Collected data entries
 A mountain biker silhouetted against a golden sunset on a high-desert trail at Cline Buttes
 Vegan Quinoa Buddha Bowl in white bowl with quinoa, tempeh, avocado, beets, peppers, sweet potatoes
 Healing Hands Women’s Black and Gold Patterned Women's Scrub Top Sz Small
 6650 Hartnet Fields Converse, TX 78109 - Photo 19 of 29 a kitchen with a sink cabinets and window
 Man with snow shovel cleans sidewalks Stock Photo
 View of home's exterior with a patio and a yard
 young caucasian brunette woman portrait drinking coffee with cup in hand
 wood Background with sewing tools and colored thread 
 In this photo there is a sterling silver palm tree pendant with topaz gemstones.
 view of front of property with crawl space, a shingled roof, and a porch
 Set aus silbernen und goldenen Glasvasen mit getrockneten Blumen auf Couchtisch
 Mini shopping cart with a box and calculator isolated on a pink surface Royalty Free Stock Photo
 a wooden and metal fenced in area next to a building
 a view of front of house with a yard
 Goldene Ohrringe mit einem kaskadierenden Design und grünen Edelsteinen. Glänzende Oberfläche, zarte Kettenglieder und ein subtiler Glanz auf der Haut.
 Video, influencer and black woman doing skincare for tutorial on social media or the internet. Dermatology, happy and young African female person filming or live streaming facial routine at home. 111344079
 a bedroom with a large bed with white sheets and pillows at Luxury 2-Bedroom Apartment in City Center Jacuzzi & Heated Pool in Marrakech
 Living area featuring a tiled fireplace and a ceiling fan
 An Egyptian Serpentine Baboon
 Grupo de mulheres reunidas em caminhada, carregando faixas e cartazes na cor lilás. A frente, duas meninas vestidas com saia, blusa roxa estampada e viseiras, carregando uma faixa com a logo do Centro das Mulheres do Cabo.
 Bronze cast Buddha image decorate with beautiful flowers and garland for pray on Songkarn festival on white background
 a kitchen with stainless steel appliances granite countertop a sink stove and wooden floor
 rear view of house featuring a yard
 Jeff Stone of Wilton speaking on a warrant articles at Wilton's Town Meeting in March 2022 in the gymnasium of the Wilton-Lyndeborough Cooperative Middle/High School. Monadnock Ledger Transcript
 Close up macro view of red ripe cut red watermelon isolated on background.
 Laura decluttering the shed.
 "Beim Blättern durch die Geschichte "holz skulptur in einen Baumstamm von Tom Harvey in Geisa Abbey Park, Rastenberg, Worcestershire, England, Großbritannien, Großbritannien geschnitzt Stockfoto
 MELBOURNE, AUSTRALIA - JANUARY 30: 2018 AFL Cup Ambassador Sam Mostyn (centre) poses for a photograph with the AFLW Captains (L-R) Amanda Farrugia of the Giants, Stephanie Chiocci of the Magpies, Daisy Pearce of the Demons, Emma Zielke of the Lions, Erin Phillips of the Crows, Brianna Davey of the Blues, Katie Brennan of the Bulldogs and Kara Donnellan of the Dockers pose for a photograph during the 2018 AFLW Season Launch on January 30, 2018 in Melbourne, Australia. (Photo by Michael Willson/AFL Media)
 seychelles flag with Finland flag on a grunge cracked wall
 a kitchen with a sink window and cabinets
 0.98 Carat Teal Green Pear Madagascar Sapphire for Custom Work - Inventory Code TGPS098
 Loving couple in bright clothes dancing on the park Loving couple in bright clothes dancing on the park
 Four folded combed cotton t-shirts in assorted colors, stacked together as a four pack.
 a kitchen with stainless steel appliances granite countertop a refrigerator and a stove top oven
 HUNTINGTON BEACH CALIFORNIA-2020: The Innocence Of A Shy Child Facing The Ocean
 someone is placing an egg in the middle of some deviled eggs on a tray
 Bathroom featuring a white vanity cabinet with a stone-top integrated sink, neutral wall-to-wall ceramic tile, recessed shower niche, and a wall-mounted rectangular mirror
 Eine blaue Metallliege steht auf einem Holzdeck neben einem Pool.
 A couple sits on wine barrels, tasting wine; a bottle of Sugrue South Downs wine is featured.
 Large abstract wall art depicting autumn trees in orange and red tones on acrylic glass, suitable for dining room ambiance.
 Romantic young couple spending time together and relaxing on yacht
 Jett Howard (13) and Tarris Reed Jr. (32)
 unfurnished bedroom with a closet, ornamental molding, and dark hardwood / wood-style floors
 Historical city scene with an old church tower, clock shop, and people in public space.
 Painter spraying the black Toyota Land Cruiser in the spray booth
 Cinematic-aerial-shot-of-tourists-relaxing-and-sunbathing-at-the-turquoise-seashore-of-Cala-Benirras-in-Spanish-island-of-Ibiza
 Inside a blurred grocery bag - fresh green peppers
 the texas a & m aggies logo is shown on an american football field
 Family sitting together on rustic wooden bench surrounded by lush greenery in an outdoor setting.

WHAT IS EXPECTED
Collect the lines of the records that include the string "together".

YOUR RESPONSE
 Four folded combed cotton t-shirts in assorted colors, stacked together as a four pack.
 Romantic young couple spending time together and relaxing on yacht
 Family sitting together on rustic wooden bench surrounded by lush greenery in an outdoor setting.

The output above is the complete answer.